L'extériorité de la gestion, de même que l'intervention de techniciens, a un coût. Tout travail mérite salaire et le bénévolat ne garantit pas la compétence. Quand on parle de sensibilisation à l'entretien des parties communes, on manie pour la plupart des gens une abstraction.
Un carnet d'entretien ? Ce fantôme si souvent invoqué et si rarement à jour nécessiterait une véritable gestion là où il n'y a que supervision comptable, toujours trop chère.

Vis à vis de l'extérieur, cette entité devrait pouvoir se projeter et participer à la construction de la ville sur la ville. Mais la copropriété semble incapable de porter un projet constructif. Cette inertie est également un grand défaut.

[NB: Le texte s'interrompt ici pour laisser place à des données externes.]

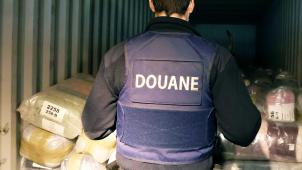 <p>Im Hafen von Antwerpen hat der Zoll in einem Container aus Kanada knapp eine Tonne Cannabis entdeckt.</p>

La taille d'une copropriété est un facteur essentiel : une petite n'a ni les mêmes besoins, ni les mêmes moyens qu'une grande. Le cadre juridique peut être inadapté dans les les deux cas, pour des raisons différentes. Trop petite, toute intervention extérieure, même celle d'un syndic, est une lourde charge et un renchérissement de l'usage. Trop grande, elle devient lointaine et bureaucratique. Il semble qu'à moins de 10 lots ou à plus de 100, le dispositif soit inadapté.

Il y a aussi confusion entre le bâtiment et la parcelle, confusion théoriquement évitée par les règlements de copropriété, mais pas toujours par les copropriétaires.
Tout repose sur le Conseil syndical, qui n'est pas nécessairement compétent, représentatif ou disponible. Le fonctionnement semble complexe et obscur et, là comme en politique, il y a une crise de la représentation. Personne n'aime les syndics, pourtant nécessaires. En moyenne, un syndic d'une copropriété le reste 13 ans.

La loi sur le logement du 24 mars 2014, dite loi "ALUR", a amélioré le fonctionnement des copropriétés : le contrat de syndic est normalisé et forfaitisé ; le compte bancaire doit être au nom du syndicat et séparé de celui du syndic ; un registre national des copropriétés est mis en place ; un fond travaux doit être abondé.
Reste à voir si cela suffira à prévenir les spirales de difficultés que certains syndicats connaissent, souvent dans des territoires périphériques, avec des occupants pauvres ou des bailleurs indélicats.

Un colloque a été organisé mercredi 26 avril 2017 sur l'avenir des copropriétés, au Canada, en Belgique et en France par Planètecopropriété.
Nous avons cependant constaté un contournement systématique de plusieurs questions, qui ne peut s'expliquer que par la séparation du rôle des intervenants.